ISSN ONLINE(2320-9801) PRINT (2320-9798)

All submissions of the EM system will be redirected to Online Manuscript Submission System. Authors are requested to submit articles directly to Online Manuscript Submission System of respective journal.

Developing Intonation Pattern for Tamil Text To Speech Synthesis System

K.C.Rajeswari, G. Karthick Prabu
  1. Assistant Professor, Department of CSE, Sona College of Technology, Salem, TamilNadu, India
  2. M.E, Department of CSE, Sona College of Technology, Salem, TamilNadu, India
Related article at Pubmed, Scholar Google

Visit for more related articles at International Journal of Innovative Research in Computer and Communication Engineering


The demands of interactive approaches to TTS require more freedom to express prosody than current systems allow. Most current TTS systems, including the Bell Labs TTS system, were designed to operate on text with little or no ‘‘mark-up’’ information beyond the text. The prosody subsystem was therefore designed conservatively. The application may be ‘‘intending’’ to convey that a set of words is a single proper noun, that a word is especially important, or that a word needs confirmation. This state information needs to be expressed prosodically, so one should think of speech synthesis more in the context of a concept-to-speech system than a text to- speech system. Similarly, there are applications where the simulation of emotions, subtle meanings in speech acts, and stylistic variations are desirable.


Simulation of emotions, prosody subsystem, Speech synthesis


In the XXI century widespread use of computers opened a new stage in information interchange between the user and the computer. Among other things, an opportunity to input the information to computer through speech, and to reproduce in voice text information stored in the computer have been made possible. The paper is dedicated to the second part of this issue, i.e. to the computer-aided text-to-speech synthesis, that is recognized as a very urgent problem. Nowadays the solution of this problem can be applied in various fields. First of all, it would be of great importance for people with weak eyesight. In the modern world, it is practically impossible to live without an information exchange. The people with weak eyesight face with big problems while receiving the information through reading. A lot of methods are used to solve this problem. For example, the sound version of some books is created. As a result, people with weak eyesight have an opportunity to receive the information by listening. But there can be a case when the sound version of the necessary book couldn’t be found. Therefore, the implementation of the speech technologies for information exchange for users with weak eyesight is of a crucial necessity. Synthesis of speech is the transformation of the text to speech. This transformation is converting the text to the synthetic speech that is as close to real speech as possible in compliance with the pronunciation norms of special language. TTS is intended to read electronic texts in the form of a book, and also to vocalize texts with the use of speech synthesis. When developing our system not only widely known modern methods but also a new approach of processing speech signal was used. In general, synthesis of speech can be necessary in all the cases when the addressee of the information is a person.
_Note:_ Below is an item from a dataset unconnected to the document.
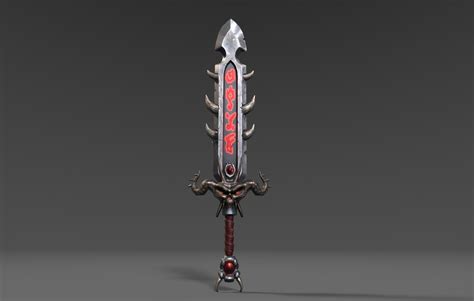 Artstation Demon Sword Texture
There have been three generations of speech synthesis systems. During the first generation (1962-1977) formant synthesis of phonemes was the dominant technology. This technology made use of the rules based on phonetic decomposition of sentence to formant frequency contours. The intelligibility and naturalness were poor in such synthesis. In the second generation of speech synthesis methods (from 1977 to 1992) the diphones were represented with the LPC parameters. It was shown that good intelligibility of synthetic speech could be reliably obtained from text input by concatenating the appropriate diphone units. The intelligibility improved over formant synthesis, but the naturalness of the synthetic speech remained low. The third generation of speech synthesis technology is the period from 1992 to the present day. This generation is marked by the method of “unit selection synthesis” which was introduced and perfected, by Sagisaka at ATR Labs. in Kyoto. The resulting synthetic speech of this period was close to humangenerated speech in terms of intelligibility and naturalness. Modern speech synthesis technologies involve quite complicated and sophisticated methods and algorithms. “Infovox” [2] speech synthesizer family is perhaps one of the best known multilingual text-to-speech products available today. The first commercial version, Infovox SA-101, was developed in Sweden at the Royal Institute of Technology in 1982 and it is based on formant synthesis. The latest full commercial version, Infovox 230, is available for American and British English, Chinese[6]. Digital Equipment Corporation [3] (DEC) talk system is originally descended from MITalk and Klattalk. The present version of the system is available for American English, German and Spanish and offers nine different voice personalities, four male, four female and one child. The present DECtalk system is based on digital formant synthesis. AT&T Bell Laboratories [4] (Lucent Technologies) also has very long traditions with speech synthesis. The first full textto-speech (TTS) system was demonstrated in Boston 1972 and released in 1973. It was based on articulatory model developed by Cecil Coker (Klatt 1987). The development process of the present concatenative synthesis system was started by Joseph Olive in mid 1970's (Bell Labs 1997)[15]. The current system is available for English, French, Spanish, Italian, German, Russian, Romanian, Chinese, and Japanese (Mcbius et al. 1996).


Text to speech synthesis is converting the text to the synthetic speech that is as close to real speech as possible according to the pronunciation norms of special language. Such systems are called text to speech (TTS) systems.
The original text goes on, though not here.